To qualify as a “field of science or learning,” the work must be primarily intellectual in character. Manual jobs do not qualify, even if they are complex. An electrician’s job is certainly complicated, and requires a specialized knowledge of circuit design and safety. Nonetheless, electricians do not qualify as learned professionals because this is not considered a “field of science or learning.”
The Knowledge Is Customarily Acquired By A Prolonged Course Of Specialized Intellectual Instruction
Finally, the advanced knowledge must be customarily acquired by a prolonged course of specialized intellectual instruction. This essentially means a college degree or its equivalent.
Not every employee with a college degree is a learned professional. In order to qualify as a learned professional, the worker’s degree must be specifically geared towards the work he or she actually performs. If the job position simply requires that the employee have a college degree of some kind, those workers likely do not qualify as a learned professional. For example, a company advertising for an entry-level bookkeeper position may require applicants to have a college degree in a general business or liberal arts-related field. This is not sufficiently specialized to qualify a learned professional. By contrast, if the position requires applicants to have a degree in accounting or finance only, along with a CPA designation, it would qualify. Learned professionals will often – but not always – hold a post-graduate degree or certification. In fact, one of the clearest hallmarks of the FLSA professional exemption is a position that is limited to individuals with specialized master’s degrees or doctorates.
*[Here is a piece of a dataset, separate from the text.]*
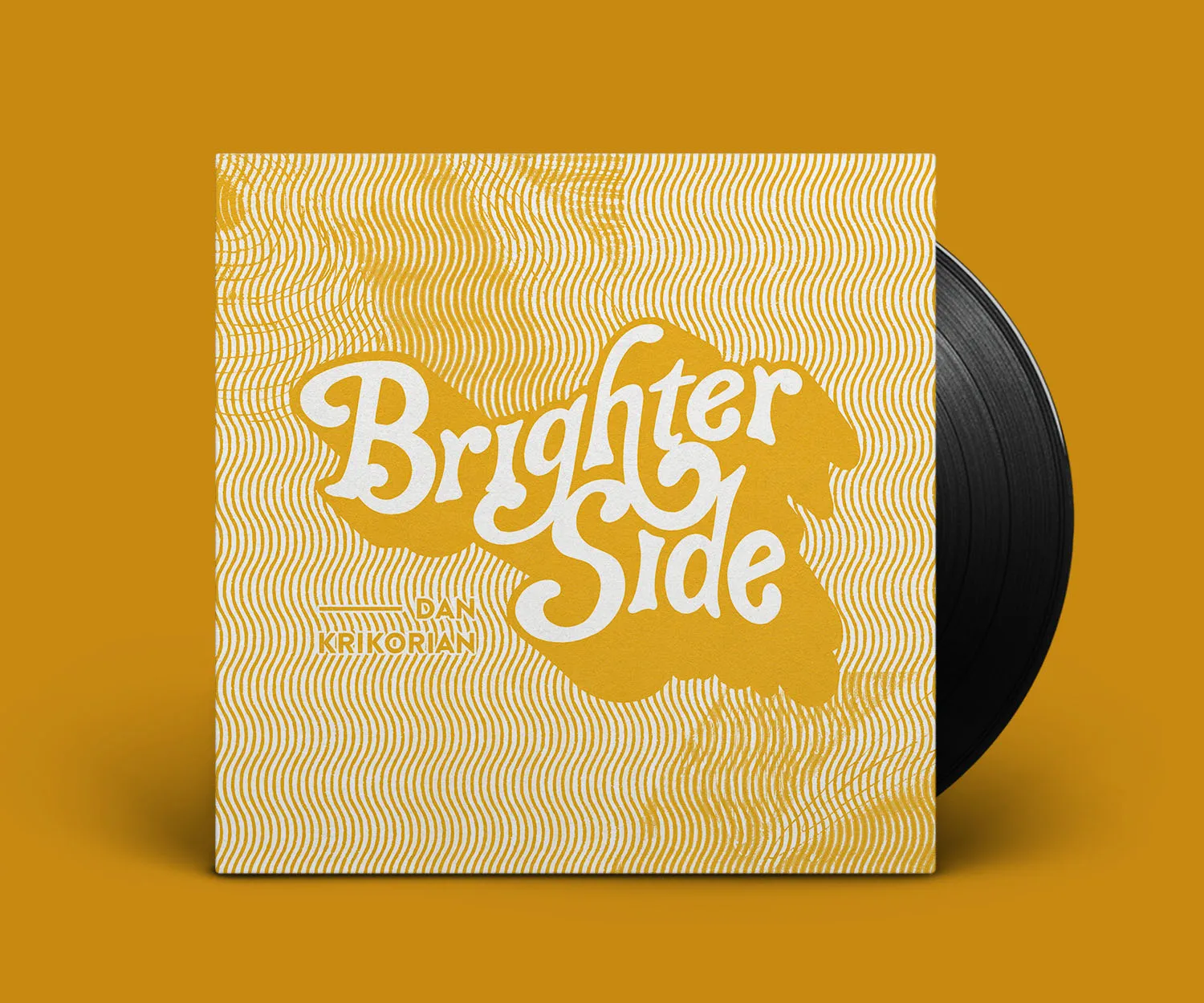"Brighter Side" album cover in yellow retro script beside a vinyl record.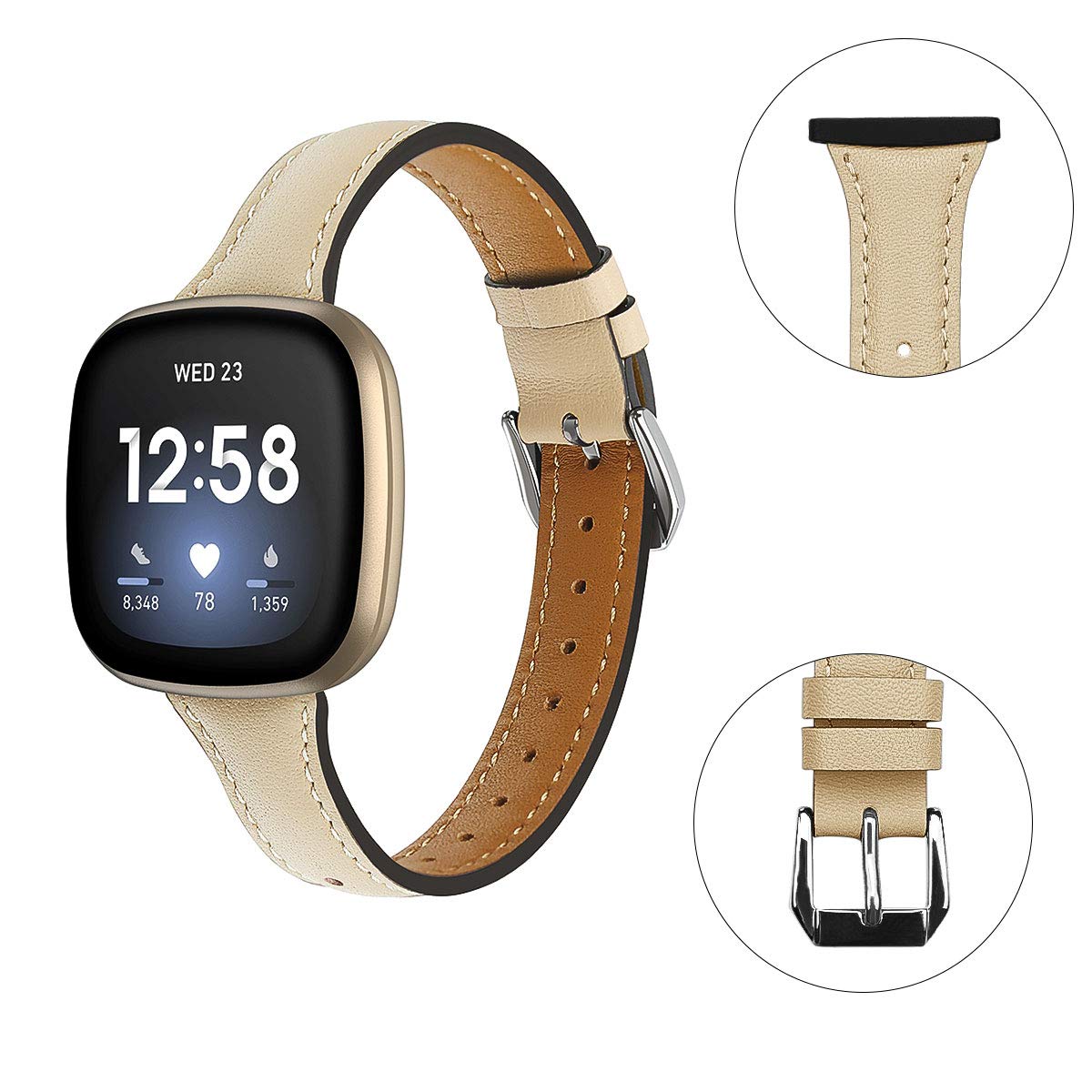 Moolia Stylish Moolia Leather Replacement Band for Fitbit Versa 4/3 & Sense 2 - Slim, Genuine Leather Strap for Women - View 3 of 6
The FLSA professional exemption also includes creative professionals such as artists, musicians, writers, and other creative workers. To qualify as a creative professional, the individual must exercise ‘‘invention, imagination, originality or talent’’ in a recognized creative endeavor. This exemption is usually fairly straightforward to apply. Unlike the learned professional exemption, there is no requirement that a creative professional hold a college degree.
If you have any questions about the application of the learned professional exemption or creative professional exemption, or believe that you may have been misclassified as overtime exempt, call New Orleans overtime lawyer Charles Stiegler at (504) 267-0777 or email today.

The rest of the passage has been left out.